(MATERIAL TO PROCESS)
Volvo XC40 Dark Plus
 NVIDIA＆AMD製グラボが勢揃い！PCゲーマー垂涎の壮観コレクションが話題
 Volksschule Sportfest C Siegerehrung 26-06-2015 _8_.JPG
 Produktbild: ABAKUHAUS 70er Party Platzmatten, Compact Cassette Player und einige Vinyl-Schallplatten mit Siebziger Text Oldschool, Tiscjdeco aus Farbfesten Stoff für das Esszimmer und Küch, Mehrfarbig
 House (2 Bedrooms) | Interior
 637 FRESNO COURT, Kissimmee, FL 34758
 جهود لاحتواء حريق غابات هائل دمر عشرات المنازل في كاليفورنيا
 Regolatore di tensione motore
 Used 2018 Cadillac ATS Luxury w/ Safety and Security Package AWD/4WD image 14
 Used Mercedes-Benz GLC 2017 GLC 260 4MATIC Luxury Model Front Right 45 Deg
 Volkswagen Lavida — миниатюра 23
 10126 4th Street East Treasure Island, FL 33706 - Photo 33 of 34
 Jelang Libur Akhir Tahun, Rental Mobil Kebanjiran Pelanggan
(End MATERIAL TO PROCESS)
**EXERCISE AIM:** Compute the number of lines in the entries above that hold the word "Luxury"; the answer must contain nothing else.

**SOLUTION TO THE EXERCISE:** 2